Positiver Geschäftsausblick
USA übernimmt Rolle als Konjunkturlokomotive

Positive Wirtschaftsdaten haben dem Konjunkturoptimismus in den USA neue Nahrung gegeben. Die Wall Street und der Dollar reagierten am Donnerstag mit Kursgewinnen auf die größtenteils besser als erwartet ausgefallenen Zahlen.

Reuters NEW YORK. Der Konjunkturindex der Federal Reserve Bank von Philadelphia stieg im August deutlich stärker als von Volkswirten erwartet und liefert damit ein weiteres Anzeichen für eine Erholung der krisengeschüttelten US-Industrie. Der Index verbesserte sich auf plus 22,1 Punkte von plus 8,3 Zählern im Juli, wie die Philadelphia Fed mitteilte. Das ist der höchste Wert seit mehr als fünf Jahren. Von Reuters befragte Volkswirte hatten im Durchschnitt mit einem geringeren Anstieg auf plus 9,9 Punkte gerechnet.
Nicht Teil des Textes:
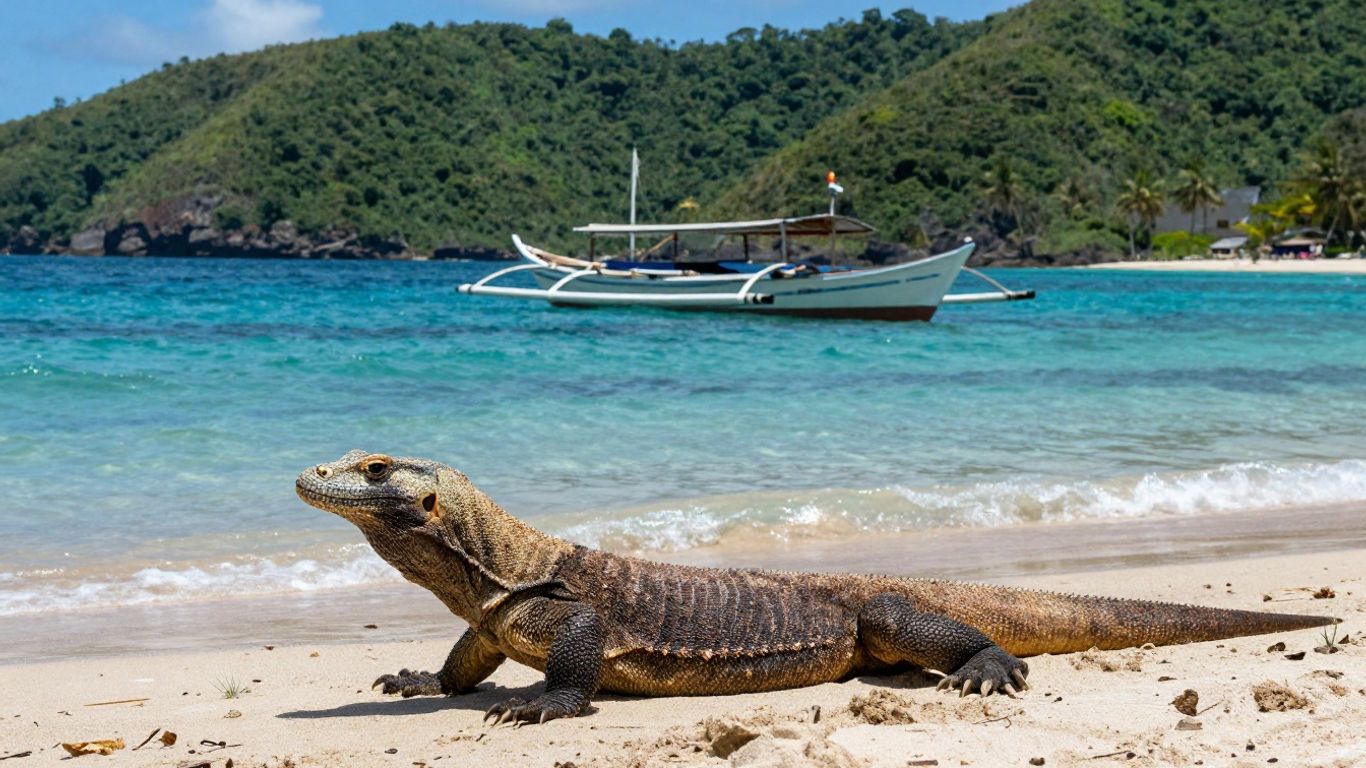 Komodo dragon on a beach near turquoise waters.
Analysten sprachen von starken Zahlen. „Das bestätigt einfach die Richtung der Wirtschaft, die im dritten Quartal voraussichtlich ein starkes Wachstum aufweisen wird, insbesondere in der Industrieproduktion“, sagte Elisabeth Denison von Dresdner Kleinwort Wasserstein.
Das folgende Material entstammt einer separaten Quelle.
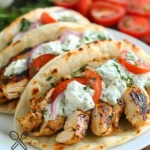 Mediterrane Hähnchen-Gyros mit cremigem Feta-Tzatziki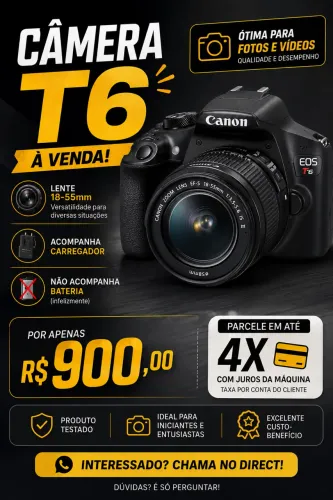 Câmera Cânon t6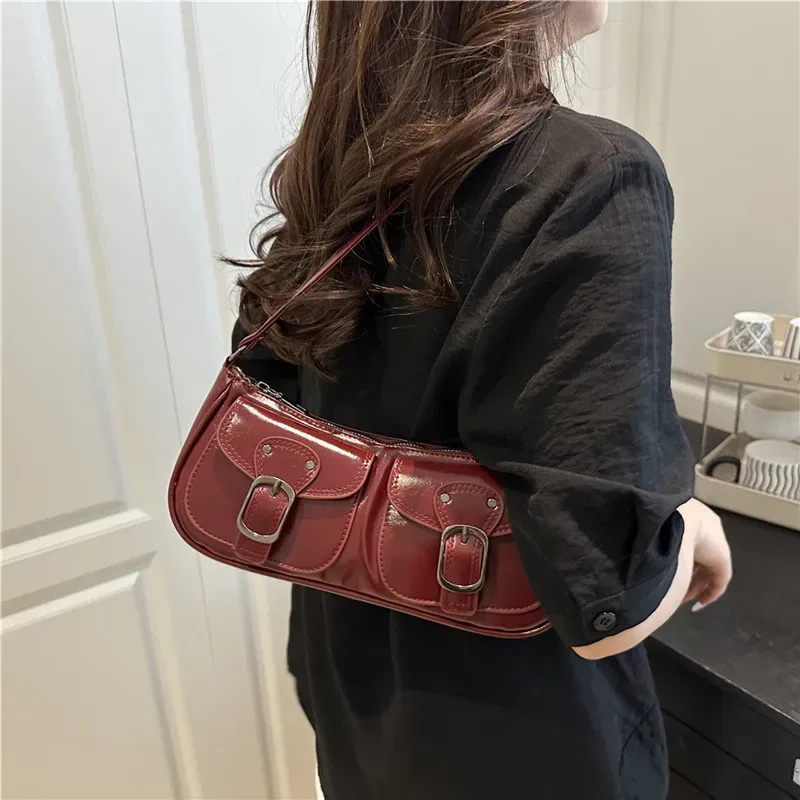 petit sac à main en cuir pu pour femme, sacs sous les bras pour femme, sacs à main à double poche, pochette vintage, mode initiée, y2k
Zahlen unter Null deuten auf eine Abschwächung des Verarbeitenden Gewerbes der Region um Philadelphia im Osten der USA hin, positive Werte signalisieren ein Wachstum. Der Index gilt als wichtiges erstes Trendbarometer für die Entwicklung der gesamten Industrie, die rund ein Sechstel der US-Wirtschaftsleistung ausmacht. Er zeigt nun den dritten Monat hintereinander eine Expansion an. Anfang September wird der Einkaufsmanager-Index des Institute of Supply Management (ISM) erwartet, der die Entwicklung der gesamten US-Industrie abbildet.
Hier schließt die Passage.